* _Given entries_:

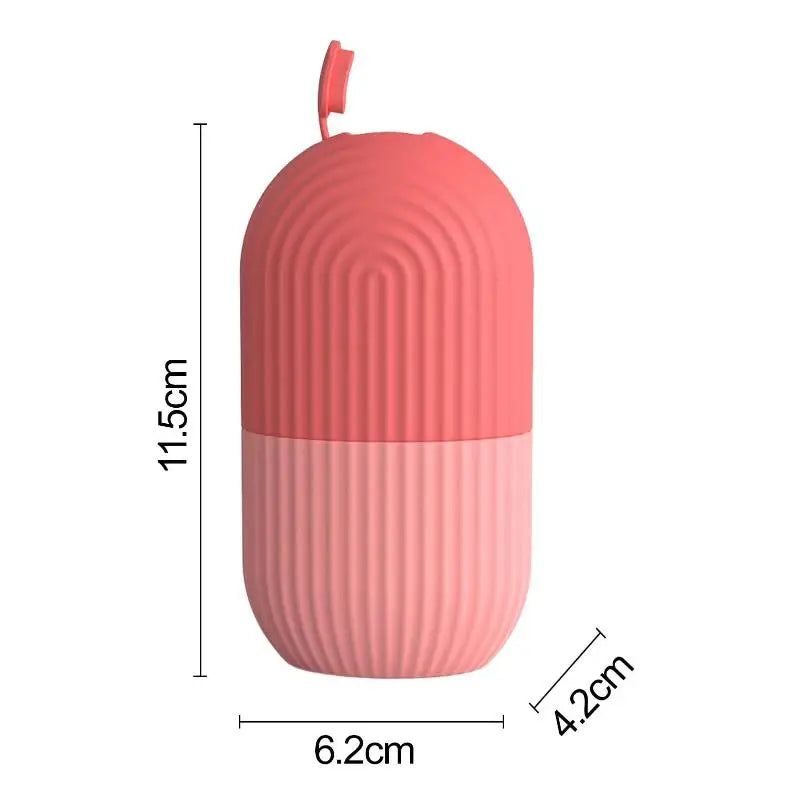[ZY]Ice Face Roller Ice Cube Beauty Massage Silicone Ice Mold Eye Puffiness Ice Facial Roller Shrink Pores Multifunctional Mold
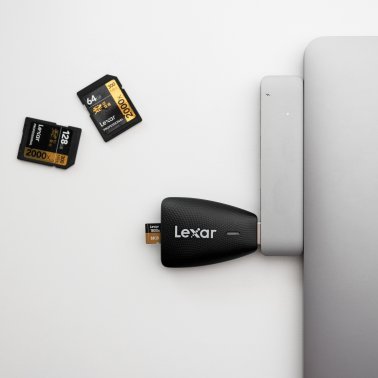 Lexar® 2-in-1 USB 3.1 Multi-Card Reader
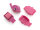 Ersatzrollen Set inkl. Covers fuchsia/fuchsia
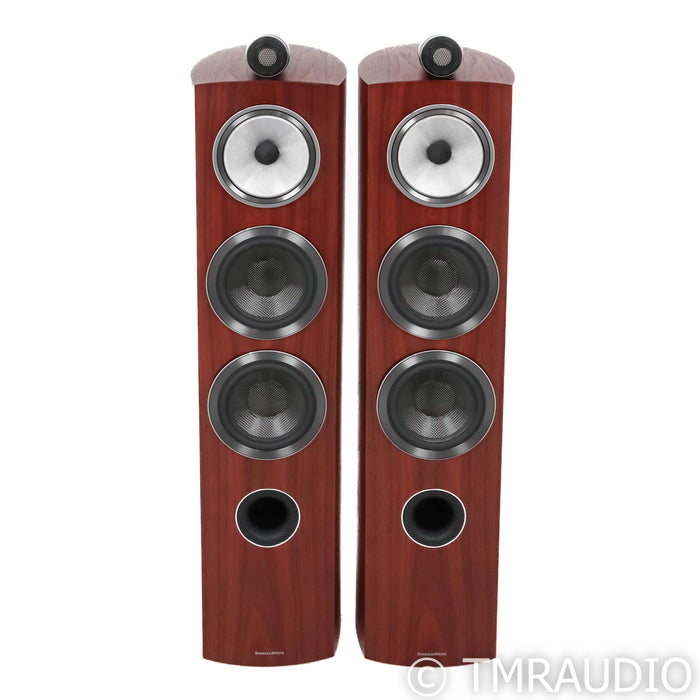 Bowers & Wilkins 804 D3 Floorstanding Speakers; Rosenut Pair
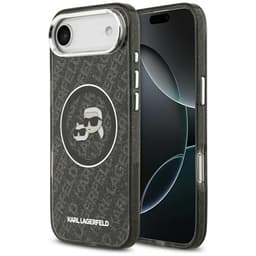 Karl Lagerfeld Mobilskal till iPhone Air Magsafe Glitter Karl Och Choupette Head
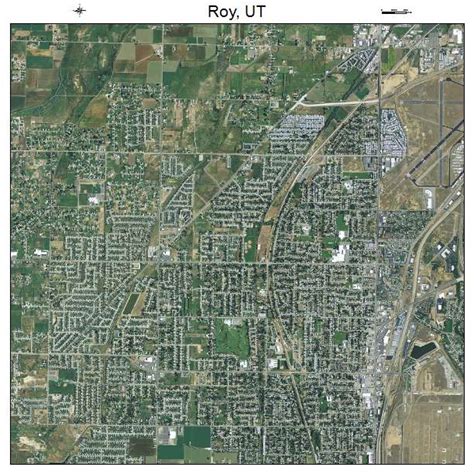 Aerial Photography Map of Roy, UT Utah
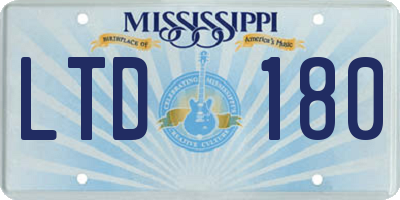 MS license plate LTD180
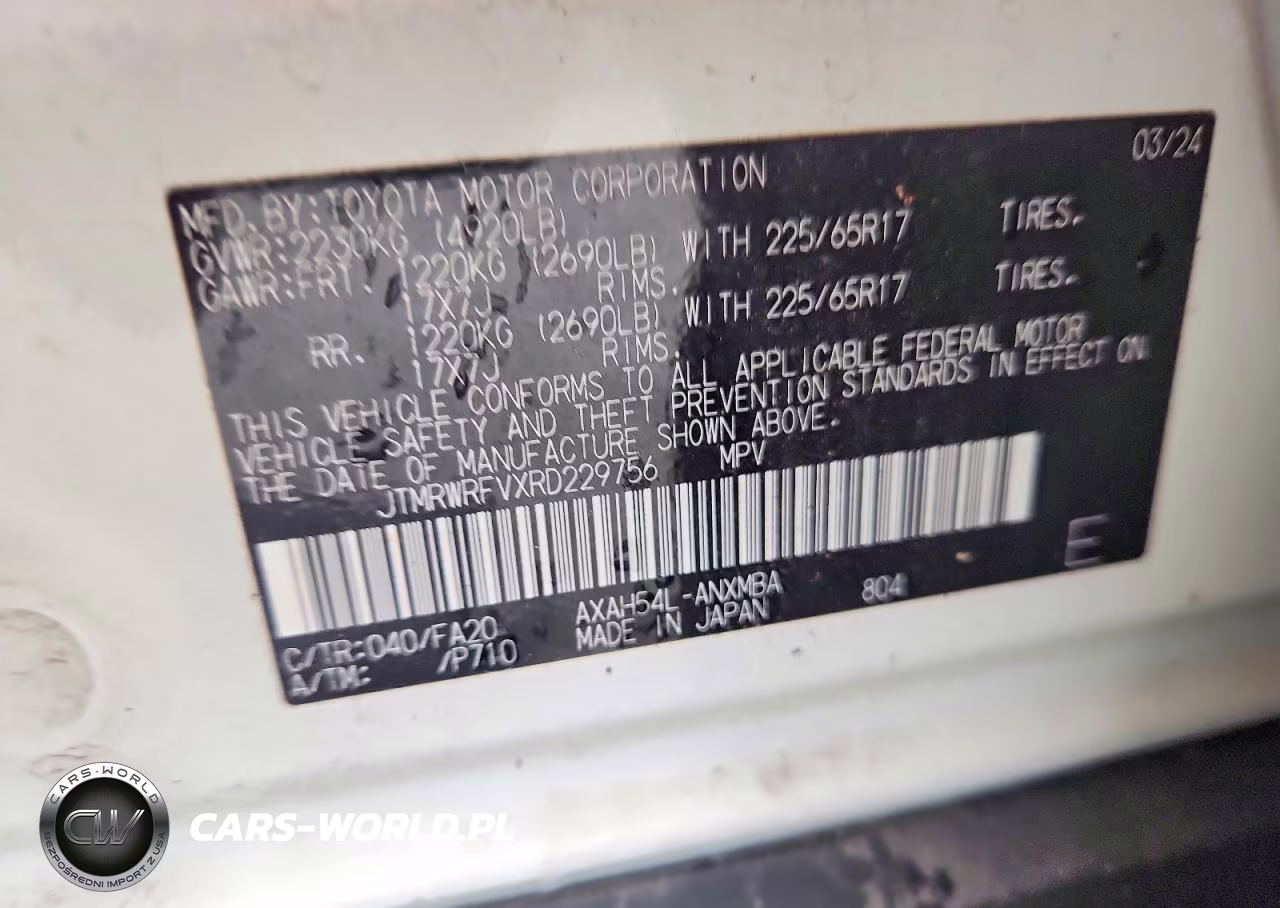 2024 Toyota Rav4 Hybrid Xle VIN:JTMRWRFVXRD229756 - 12
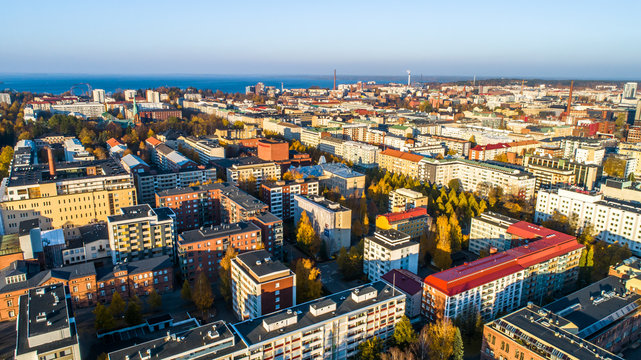 AERIAL VIEW OF HELSINKI CITY- FINLAND © Subodh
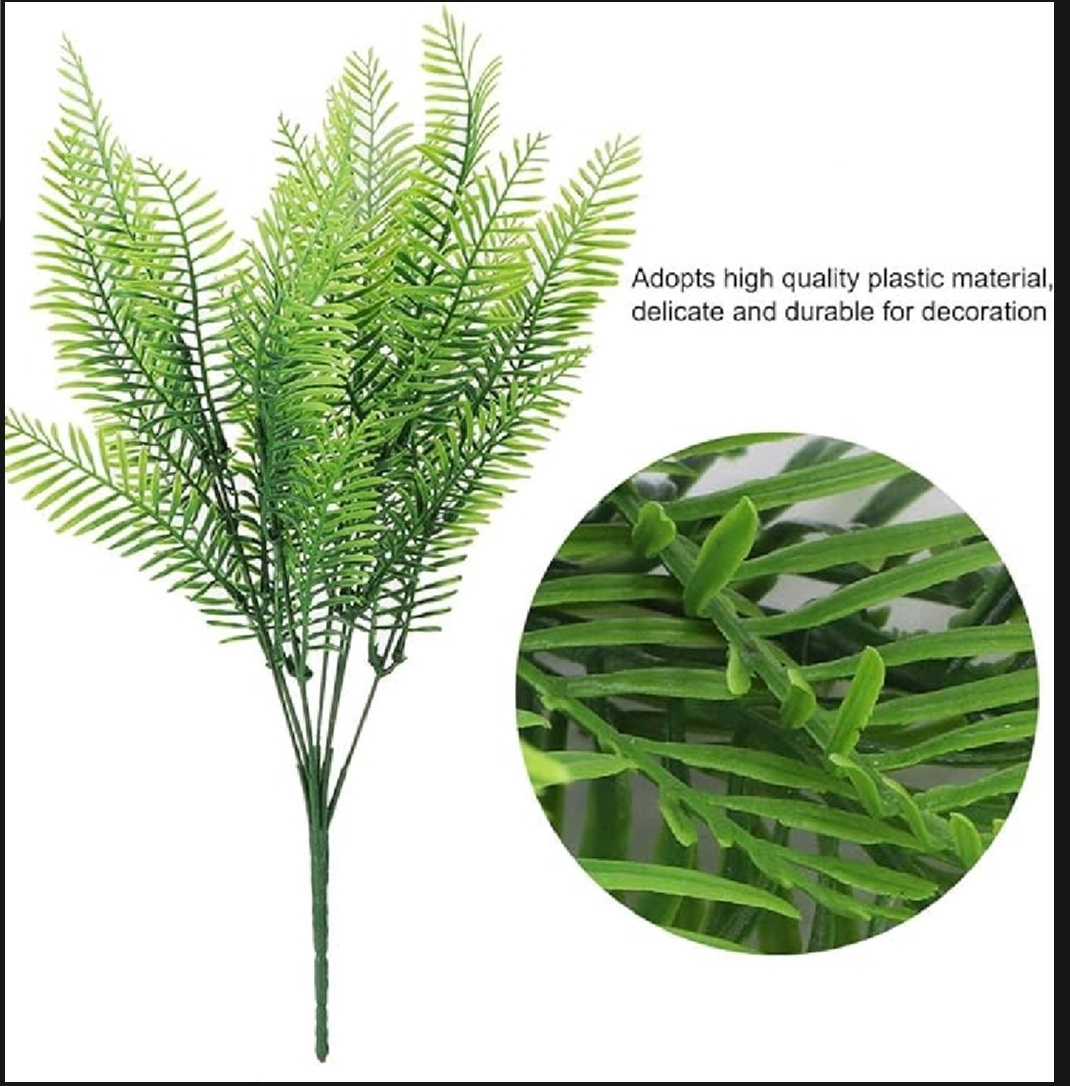 Artificial 7 Head Green Bunch for Vases and for home decore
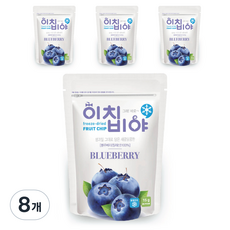 이치비야 프리미엄 동결건조 블루베리 과일칩, 15g, 8개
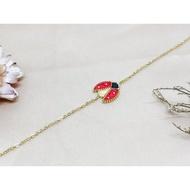 Lucky leaf clover bracelet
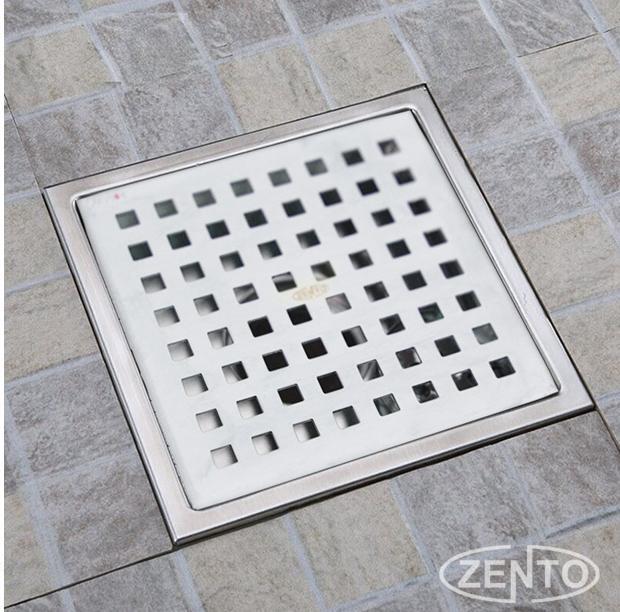 Thoát sàn chống mùi inox Square  Zento ZT654-2U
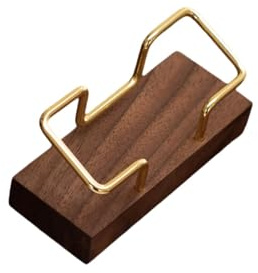 Homeily Personalised Wooden Business Card Holder – Custom Engraved Desk Stand for Office – Display Box for Business Cards – Ideal for Shops, Exhibitions & Reception Desks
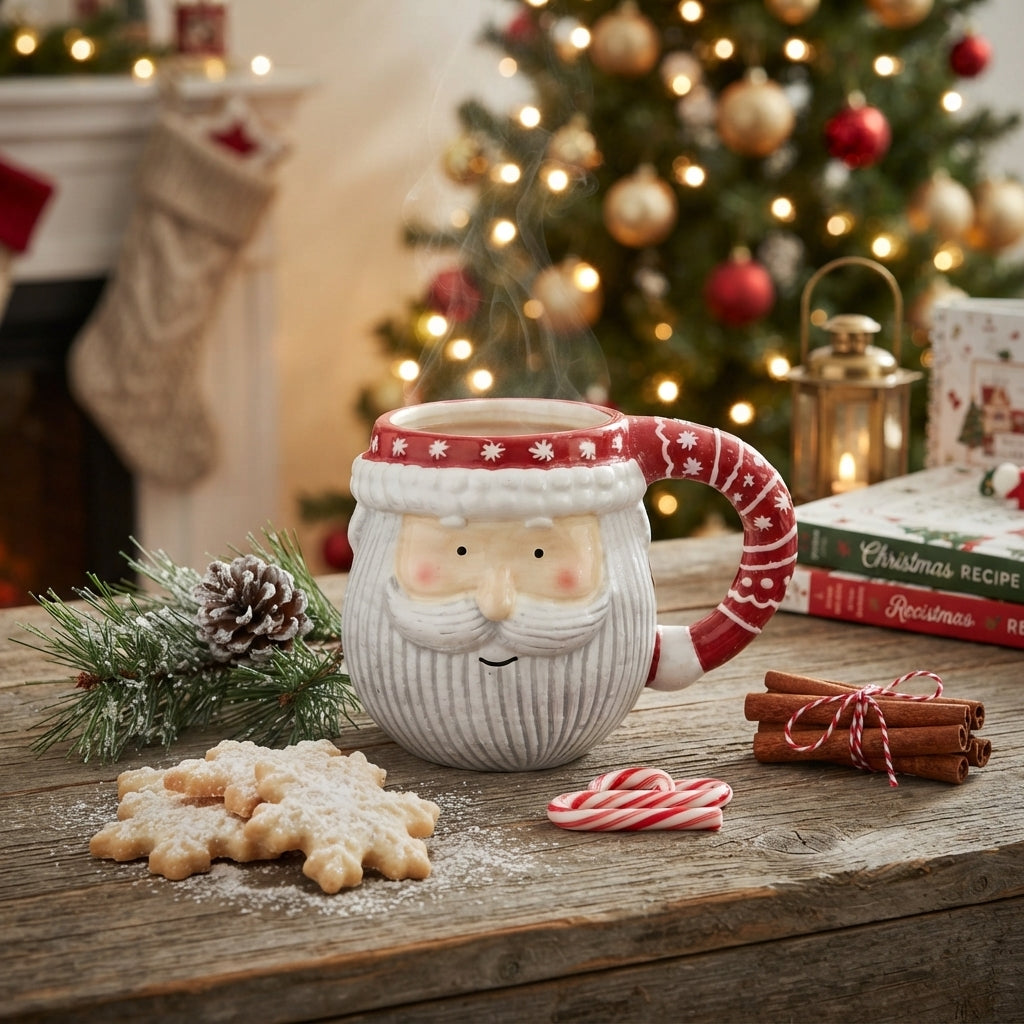 Santa face mug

* _Work required_: Begin with the first line of the entries above and write out each line exactly, ending with the line containing "Bowers & Wilkins". Leave out pictures.

* _Result of the task_:
[ZY]Ice Face Roller Ice Cube Beauty Massage Silicone Ice Mold Eye Puffiness Ice Facial Roller Shrink Pores Multifunctional Mold
 Lexar® 2-in-1 USB 3.1 Multi-Card Reader
 Ersatzrollen Set inkl. Covers fuchsia/fuchsia
 Bowers & Wilkins 804 D3 Floorstanding Speakers; Rosenut Pair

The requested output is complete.